Is Now the Worst (or Best) Time to Buy Real Estate?

August 18, 2025 by pfb


Everywhere you look, the headlines are saying the same thing: interest rates are up, borrowing costs are high, and maybe now isn’t the time to buy real estate. For physicians and other busy professionals who already feel stretched by student loans, unpredictable schedules, and rising living costs, that message can be discouraging enough to hit the brakes on investing altogether.

But is that really the smartest move? Or could this actually be one of the best opportunities to invest in real estate we’ve seen in years?

The answer isn’t as simple as “rates are high, so don’t buy.” The truth is more nuanced, and if you’re willing to think long-term, there are compelling reasons why real estate still belongs in your wealth-building strategy.
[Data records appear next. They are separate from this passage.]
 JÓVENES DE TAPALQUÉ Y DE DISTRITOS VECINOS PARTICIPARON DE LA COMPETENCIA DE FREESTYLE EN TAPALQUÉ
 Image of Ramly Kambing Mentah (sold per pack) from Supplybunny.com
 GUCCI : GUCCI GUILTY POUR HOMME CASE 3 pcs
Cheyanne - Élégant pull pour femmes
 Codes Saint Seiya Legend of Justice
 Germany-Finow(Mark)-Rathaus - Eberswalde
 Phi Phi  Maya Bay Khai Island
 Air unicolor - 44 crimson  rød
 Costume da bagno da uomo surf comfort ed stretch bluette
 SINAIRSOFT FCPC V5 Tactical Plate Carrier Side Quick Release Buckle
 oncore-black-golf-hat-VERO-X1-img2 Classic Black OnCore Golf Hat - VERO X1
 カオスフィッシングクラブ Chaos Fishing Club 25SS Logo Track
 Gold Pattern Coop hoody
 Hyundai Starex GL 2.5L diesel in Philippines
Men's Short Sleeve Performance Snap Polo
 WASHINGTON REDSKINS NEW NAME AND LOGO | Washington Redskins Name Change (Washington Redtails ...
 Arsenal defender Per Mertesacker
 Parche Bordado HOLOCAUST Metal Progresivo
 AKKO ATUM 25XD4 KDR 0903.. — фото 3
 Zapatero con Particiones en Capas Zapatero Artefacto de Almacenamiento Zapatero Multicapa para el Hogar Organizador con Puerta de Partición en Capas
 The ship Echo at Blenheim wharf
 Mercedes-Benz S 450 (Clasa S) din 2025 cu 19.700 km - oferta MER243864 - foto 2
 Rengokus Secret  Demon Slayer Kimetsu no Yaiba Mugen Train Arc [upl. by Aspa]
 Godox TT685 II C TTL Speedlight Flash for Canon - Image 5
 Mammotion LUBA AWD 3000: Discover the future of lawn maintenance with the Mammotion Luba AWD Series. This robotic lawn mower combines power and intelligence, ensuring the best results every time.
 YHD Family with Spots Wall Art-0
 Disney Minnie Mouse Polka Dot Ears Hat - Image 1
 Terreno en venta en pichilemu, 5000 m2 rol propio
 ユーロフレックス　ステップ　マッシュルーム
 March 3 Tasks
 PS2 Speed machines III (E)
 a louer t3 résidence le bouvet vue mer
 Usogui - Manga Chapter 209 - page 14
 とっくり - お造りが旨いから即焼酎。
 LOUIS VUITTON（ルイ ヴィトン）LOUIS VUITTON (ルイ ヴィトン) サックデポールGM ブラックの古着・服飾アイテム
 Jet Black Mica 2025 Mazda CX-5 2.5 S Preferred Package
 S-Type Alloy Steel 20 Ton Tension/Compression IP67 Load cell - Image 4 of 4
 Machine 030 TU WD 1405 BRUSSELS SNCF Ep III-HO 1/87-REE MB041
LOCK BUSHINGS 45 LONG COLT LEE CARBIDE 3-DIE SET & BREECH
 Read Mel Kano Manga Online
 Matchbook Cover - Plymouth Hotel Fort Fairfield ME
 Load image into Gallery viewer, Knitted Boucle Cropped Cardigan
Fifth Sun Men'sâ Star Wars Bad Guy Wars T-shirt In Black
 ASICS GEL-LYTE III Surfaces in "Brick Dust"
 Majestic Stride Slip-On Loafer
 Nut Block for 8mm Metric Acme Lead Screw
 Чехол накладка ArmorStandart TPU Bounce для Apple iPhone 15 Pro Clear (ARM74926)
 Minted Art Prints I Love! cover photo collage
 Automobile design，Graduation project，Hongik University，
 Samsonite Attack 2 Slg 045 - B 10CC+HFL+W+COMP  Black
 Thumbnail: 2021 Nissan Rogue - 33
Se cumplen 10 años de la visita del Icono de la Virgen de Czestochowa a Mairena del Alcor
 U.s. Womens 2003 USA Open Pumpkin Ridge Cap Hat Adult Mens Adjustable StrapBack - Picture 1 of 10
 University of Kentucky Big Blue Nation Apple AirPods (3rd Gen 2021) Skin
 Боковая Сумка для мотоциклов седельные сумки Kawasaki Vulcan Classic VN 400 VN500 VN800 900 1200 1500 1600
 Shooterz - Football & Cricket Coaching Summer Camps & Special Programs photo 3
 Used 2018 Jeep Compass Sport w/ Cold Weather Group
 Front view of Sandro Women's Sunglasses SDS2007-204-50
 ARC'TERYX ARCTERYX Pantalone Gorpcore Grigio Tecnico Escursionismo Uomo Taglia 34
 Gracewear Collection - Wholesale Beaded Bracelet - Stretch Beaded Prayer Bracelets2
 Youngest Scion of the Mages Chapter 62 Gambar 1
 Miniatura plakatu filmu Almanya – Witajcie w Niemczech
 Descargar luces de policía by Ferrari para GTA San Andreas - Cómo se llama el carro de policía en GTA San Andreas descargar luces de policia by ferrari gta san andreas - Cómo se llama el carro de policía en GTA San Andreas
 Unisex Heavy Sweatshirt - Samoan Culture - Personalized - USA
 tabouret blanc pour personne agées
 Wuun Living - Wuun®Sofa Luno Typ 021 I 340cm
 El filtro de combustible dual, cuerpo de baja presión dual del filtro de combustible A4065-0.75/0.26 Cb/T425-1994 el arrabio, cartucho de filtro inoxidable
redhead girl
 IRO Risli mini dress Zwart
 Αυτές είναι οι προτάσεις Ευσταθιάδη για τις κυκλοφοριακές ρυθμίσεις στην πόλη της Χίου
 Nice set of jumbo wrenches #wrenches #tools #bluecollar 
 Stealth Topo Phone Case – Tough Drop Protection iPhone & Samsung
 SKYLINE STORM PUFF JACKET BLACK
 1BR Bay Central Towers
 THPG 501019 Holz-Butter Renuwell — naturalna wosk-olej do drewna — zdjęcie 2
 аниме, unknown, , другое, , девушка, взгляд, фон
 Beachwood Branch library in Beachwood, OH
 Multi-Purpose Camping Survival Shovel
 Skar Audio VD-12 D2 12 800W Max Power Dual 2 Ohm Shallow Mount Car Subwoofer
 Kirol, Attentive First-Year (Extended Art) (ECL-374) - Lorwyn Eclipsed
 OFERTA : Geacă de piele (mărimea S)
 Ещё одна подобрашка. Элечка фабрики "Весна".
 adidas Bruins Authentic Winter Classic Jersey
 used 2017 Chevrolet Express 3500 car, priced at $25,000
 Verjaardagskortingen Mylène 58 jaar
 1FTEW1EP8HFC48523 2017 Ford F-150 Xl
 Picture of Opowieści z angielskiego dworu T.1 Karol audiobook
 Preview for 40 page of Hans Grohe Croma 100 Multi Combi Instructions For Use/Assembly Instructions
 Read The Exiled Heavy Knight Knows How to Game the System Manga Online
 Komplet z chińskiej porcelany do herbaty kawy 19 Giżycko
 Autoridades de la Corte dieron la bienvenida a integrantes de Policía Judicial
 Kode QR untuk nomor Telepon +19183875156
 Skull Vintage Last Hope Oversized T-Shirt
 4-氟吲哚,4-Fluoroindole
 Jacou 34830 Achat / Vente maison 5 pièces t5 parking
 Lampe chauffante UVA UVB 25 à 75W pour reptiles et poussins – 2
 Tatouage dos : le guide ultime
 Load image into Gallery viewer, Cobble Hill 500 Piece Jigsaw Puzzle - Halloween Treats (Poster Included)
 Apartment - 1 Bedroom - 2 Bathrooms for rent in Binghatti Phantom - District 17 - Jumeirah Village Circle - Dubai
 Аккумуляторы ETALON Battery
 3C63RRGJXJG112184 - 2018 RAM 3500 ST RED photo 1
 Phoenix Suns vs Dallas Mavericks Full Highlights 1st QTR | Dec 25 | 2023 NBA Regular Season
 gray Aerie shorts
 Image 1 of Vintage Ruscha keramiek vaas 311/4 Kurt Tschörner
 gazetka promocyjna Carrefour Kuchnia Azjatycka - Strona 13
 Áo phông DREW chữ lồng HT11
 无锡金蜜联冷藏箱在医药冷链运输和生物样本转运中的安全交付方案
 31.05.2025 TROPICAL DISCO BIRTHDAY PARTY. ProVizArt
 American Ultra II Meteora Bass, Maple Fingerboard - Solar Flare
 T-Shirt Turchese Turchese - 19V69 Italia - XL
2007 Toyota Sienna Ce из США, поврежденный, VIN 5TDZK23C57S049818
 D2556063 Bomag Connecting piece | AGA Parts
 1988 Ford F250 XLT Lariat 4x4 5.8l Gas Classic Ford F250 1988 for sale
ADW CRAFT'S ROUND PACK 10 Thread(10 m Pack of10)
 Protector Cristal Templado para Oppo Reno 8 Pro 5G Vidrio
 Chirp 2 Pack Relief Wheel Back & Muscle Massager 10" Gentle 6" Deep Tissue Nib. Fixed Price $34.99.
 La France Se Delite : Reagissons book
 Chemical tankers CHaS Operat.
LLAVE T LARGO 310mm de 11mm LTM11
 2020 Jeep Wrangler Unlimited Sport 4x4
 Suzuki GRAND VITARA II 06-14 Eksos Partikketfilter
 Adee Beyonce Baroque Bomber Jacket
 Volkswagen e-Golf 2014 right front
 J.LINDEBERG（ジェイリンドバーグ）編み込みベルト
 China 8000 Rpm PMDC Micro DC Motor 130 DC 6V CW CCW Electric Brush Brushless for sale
Disclaimer: This article is for informational and educational purposes only and does not constitute financial, legal, or investment advice. Any investment involves risk, and you should consult your financial advisor, attorney, or CPA before making any investment decisions. Past performance is not indicative of future results. The author and associated entities disclaim any liability for loss incurred as a result of the use of this material or its content.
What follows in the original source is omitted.